▸ The records
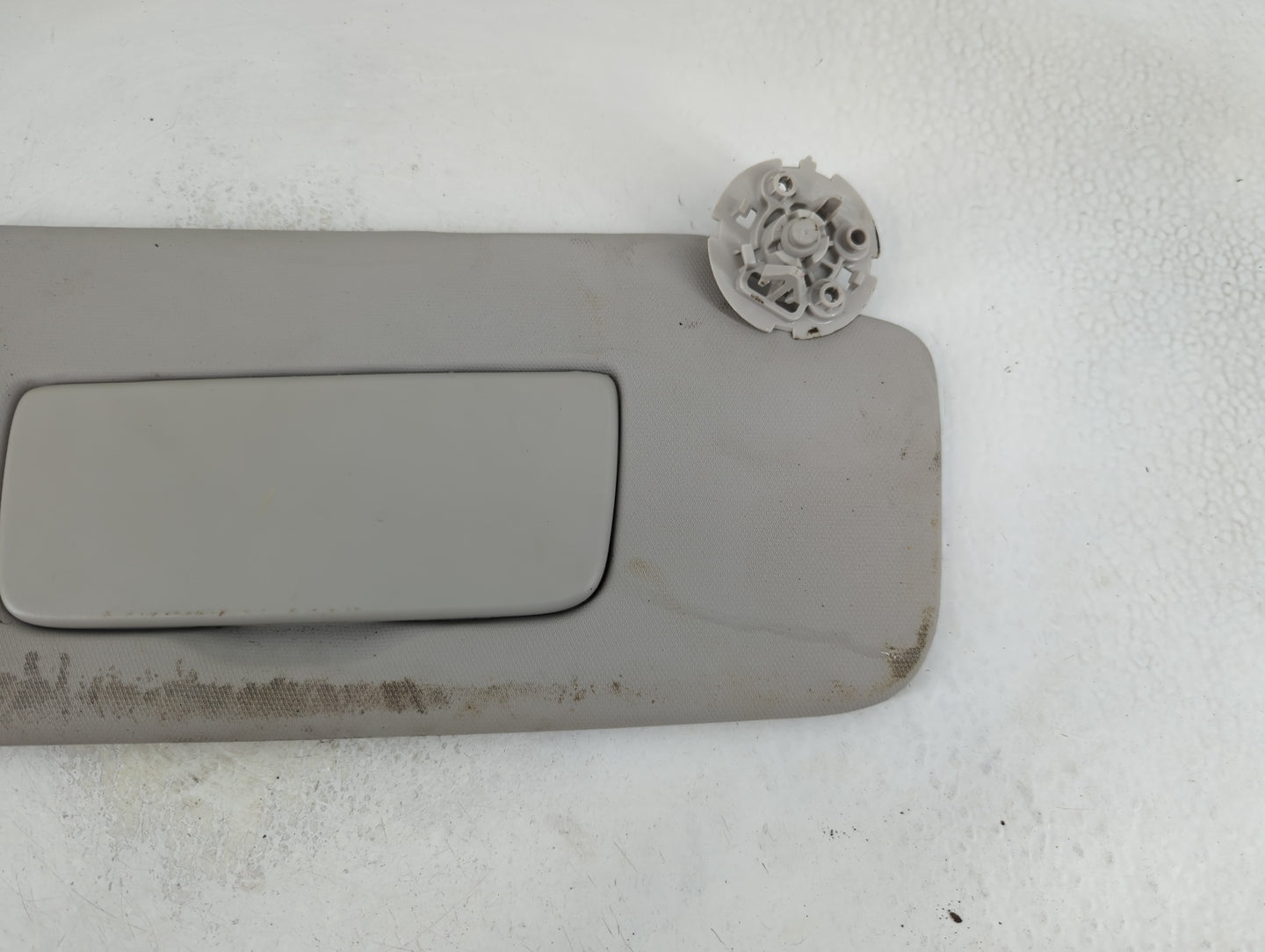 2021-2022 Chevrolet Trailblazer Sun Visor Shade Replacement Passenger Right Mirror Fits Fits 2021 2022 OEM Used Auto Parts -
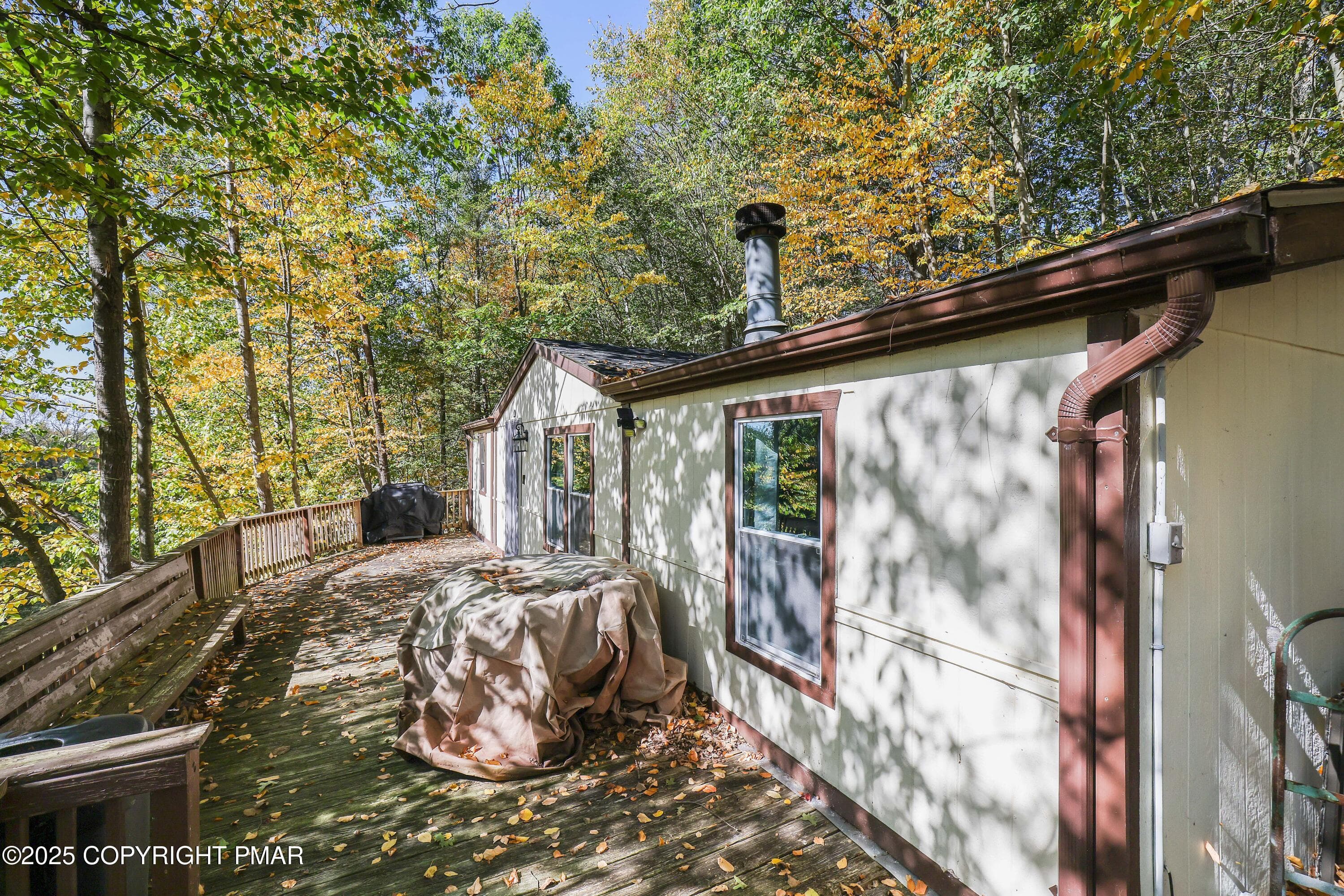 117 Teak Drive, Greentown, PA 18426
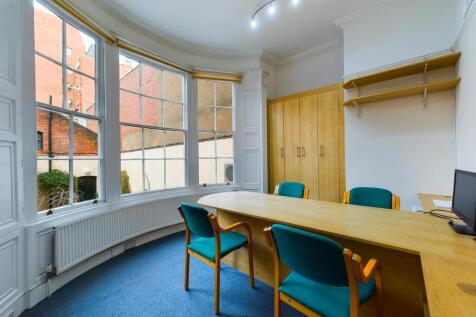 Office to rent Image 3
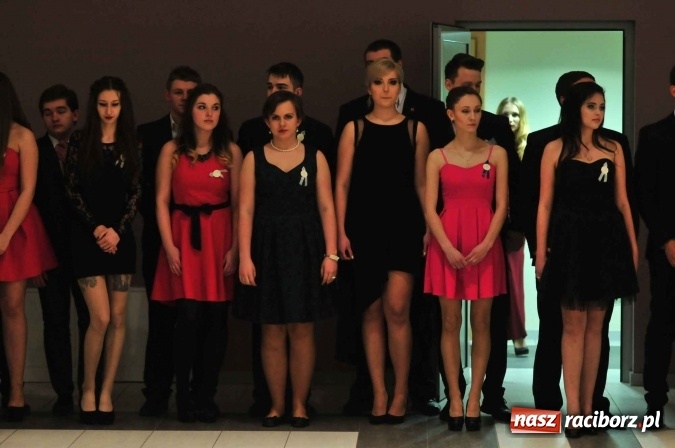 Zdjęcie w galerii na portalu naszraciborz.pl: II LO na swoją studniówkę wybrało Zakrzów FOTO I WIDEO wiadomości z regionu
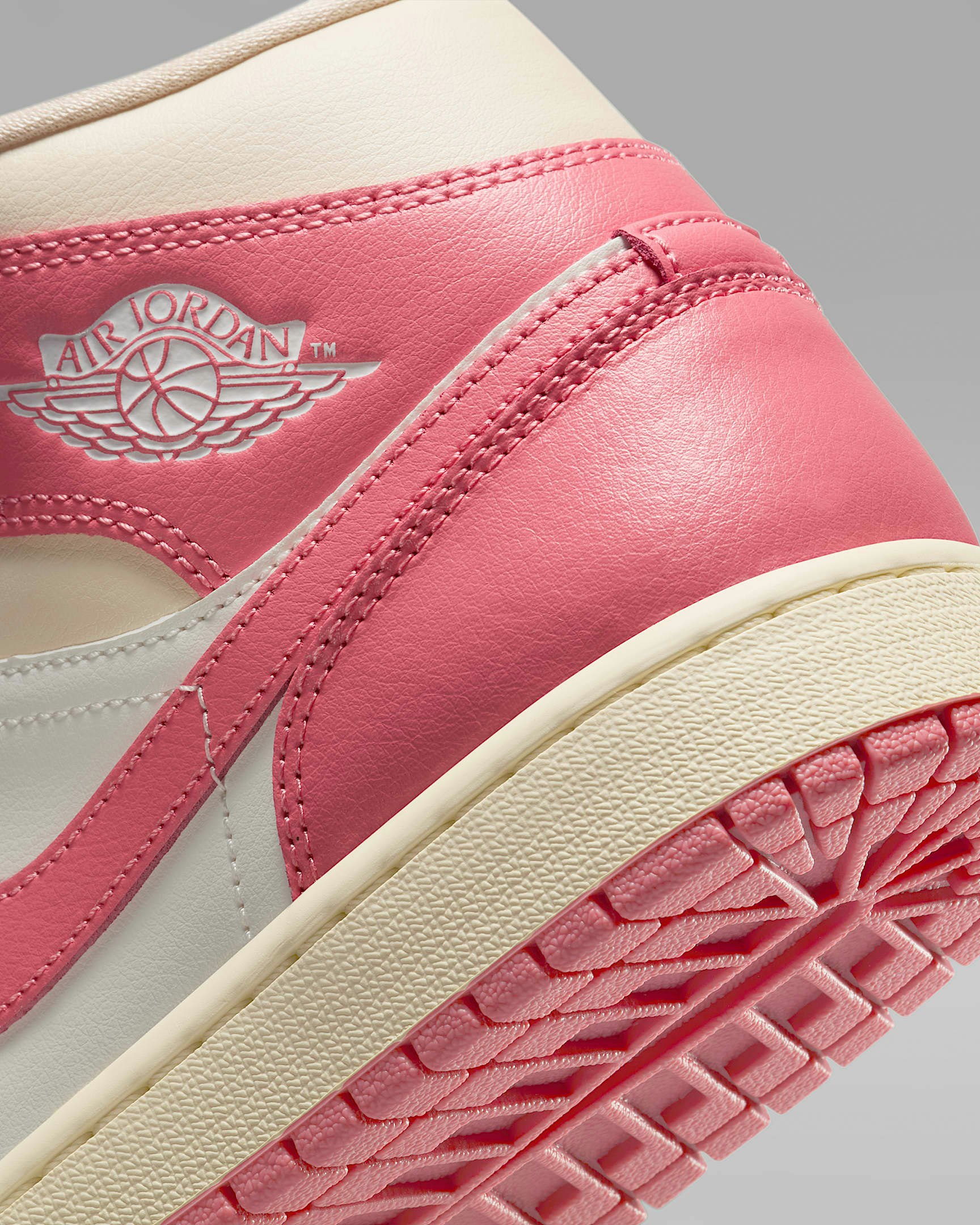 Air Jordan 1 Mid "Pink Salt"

▸ Problem description
The data is to be printed again exactly, but without its pictures.

▸ Solved exercise
 2021-2022 Chevrolet Trailblazer Sun Visor Shade Replacement Passenger Right Mirror Fits Fits 2021 2022 OEM Used Auto Parts -
 117 Teak Drive, Greentown, PA 18426
 Office to rent Image 3
 Zdjęcie w galerii na portalu naszraciborz.pl: II LO na swoją studniówkę wybrało Zakrzów FOTO I WIDEO wiadomości z regionu
 Air Jordan 1 Mid "Pink Salt"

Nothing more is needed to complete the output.